Loading fine-tuned model built from pretrained subnetworks #10152

adrienchaton · 2021-10-26T12:57:50Z

adrienchaton
Oct 26, 2021

Hello everyone,

I would like to ask for confirmation if I get the expected behaviour please and if there would be best practices to handle the following situation.

I have two LightningModule that I call e.g. model_1 and model_2, which I pretrain separately. After saving them, I get ckpt_1,yaml_1 and ckpt_2,yaml_2 which describe their trained parameters and hyper-parameters.

Now I put them together in a model e.g. combined_model and I fine-tune them on the task of the combined_model.
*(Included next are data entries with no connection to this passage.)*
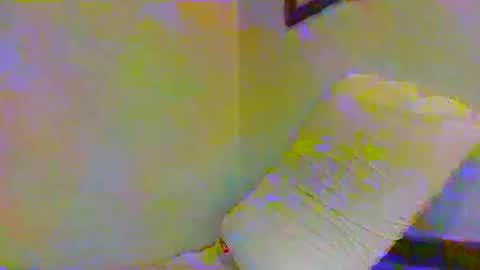 jimmielove47 online show from 05/10/26, 05:23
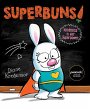 Superbuns! - Bild 1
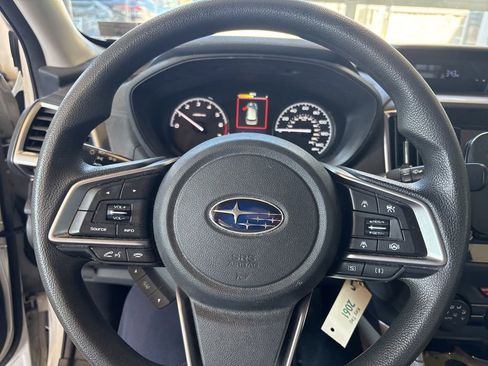 Used 2020 Subaru Forester w/ Alloy Wheel Package image 14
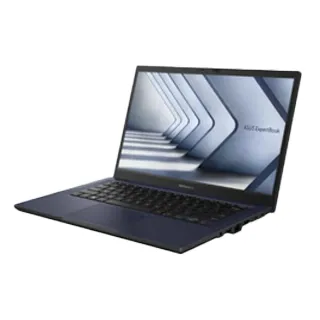 ASUS ExpertBook B1 Corei5/14インチ/FHD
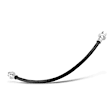 APCHH067 Clutch Line Hose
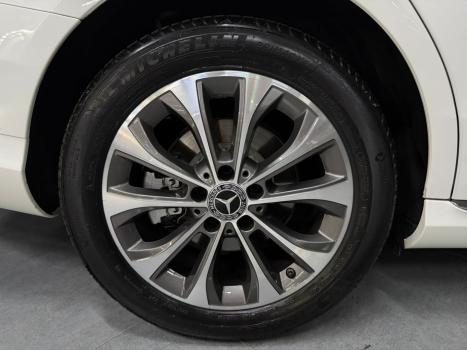 MERCEDES-BENZ C 180 , Foto 3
class combined_model(pl.LightningModule):
    def init(self,ckpt_1="",yaml_1="",ckpt_2="",yaml_2="",…):
        super().init()
        self.model_1 = model_1.load_from_checkpoint(checkpoint_path=ckpt_1,hparams_file=yaml_1,map_location=‘cpu’)
        self.model_2 = model_2.load_from_checkpoint(checkpoint_path=ckpt_2,hparams_file=yaml_2,map_location=‘cpu’)
…

At the beginning of the fine-tuning I build the model as:

combined_model(ckpt_1=ckpt_1,yaml_1=yaml_1,ckpt_2=ckpt_2,yaml_2=yaml_2,…)

→ combined_model optimizes the trainable parameters of model_1 and model_2, starting from the pretrained checkpoints, right ?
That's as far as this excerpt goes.